TRY IT: Repeat the lines from the line with "this 845×633 image." to the line with "this 626×401 image." in the listing below, keeping both end lines and adding nothing.

----- DATASET EXTRACT

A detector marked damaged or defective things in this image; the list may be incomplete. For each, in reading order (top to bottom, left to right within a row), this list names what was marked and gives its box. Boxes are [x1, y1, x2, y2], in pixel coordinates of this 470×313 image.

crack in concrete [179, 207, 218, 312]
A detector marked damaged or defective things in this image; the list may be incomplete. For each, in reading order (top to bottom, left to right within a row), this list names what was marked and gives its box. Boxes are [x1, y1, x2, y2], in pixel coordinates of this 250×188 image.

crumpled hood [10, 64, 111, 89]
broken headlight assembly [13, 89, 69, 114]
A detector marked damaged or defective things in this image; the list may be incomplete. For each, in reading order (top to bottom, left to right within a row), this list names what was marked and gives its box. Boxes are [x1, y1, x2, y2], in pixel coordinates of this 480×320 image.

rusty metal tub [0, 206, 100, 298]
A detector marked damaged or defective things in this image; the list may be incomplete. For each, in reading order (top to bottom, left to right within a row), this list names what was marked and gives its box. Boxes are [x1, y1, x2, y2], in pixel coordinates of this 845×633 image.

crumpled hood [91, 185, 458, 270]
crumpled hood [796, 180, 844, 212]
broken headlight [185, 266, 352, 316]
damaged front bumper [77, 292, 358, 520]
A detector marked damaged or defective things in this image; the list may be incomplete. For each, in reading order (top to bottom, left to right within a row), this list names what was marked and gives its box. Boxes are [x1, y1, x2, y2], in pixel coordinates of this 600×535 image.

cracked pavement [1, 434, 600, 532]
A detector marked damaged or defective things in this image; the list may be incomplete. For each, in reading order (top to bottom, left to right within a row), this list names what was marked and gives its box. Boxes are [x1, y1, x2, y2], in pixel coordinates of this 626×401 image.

----------
----- DATASET EXTRACT

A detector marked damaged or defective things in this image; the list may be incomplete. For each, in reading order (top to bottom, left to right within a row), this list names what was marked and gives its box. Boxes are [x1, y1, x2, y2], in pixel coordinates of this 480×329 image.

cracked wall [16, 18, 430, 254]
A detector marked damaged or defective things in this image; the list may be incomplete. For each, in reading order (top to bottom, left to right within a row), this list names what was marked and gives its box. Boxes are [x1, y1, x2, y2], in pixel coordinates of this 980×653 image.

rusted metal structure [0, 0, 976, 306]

----------

OUTPUT:
A detector marked damaged or defective things in this image; the list may be incomplete. For each, in reading order (top to bottom, left to right within a row), this list names what was marked and gives its box. Boxes are [x1, y1, x2, y2], in pixel coordinates of this 845×633 image.

crumpled hood [91, 185, 458, 270]
crumpled hood [796, 180, 844, 212]
broken headlight [185, 266, 352, 316]
damaged front bumper [77, 292, 358, 520]
A detector marked damaged or defective things in this image; the list may be incomplete. For each, in reading order (top to bottom, left to right within a row), this list names what was marked and gives its box. Boxes are [x1, y1, x2, y2], in pixel coordinates of this 600×535 image.

cracked pavement [1, 434, 600, 532]
A detector marked damaged or defective things in this image; the list may be incomplete. For each, in reading order (top to bottom, left to right within a row), this list names what was marked and gives its box. Boxes are [x1, y1, x2, y2], in pixel coordinates of this 626×401 image.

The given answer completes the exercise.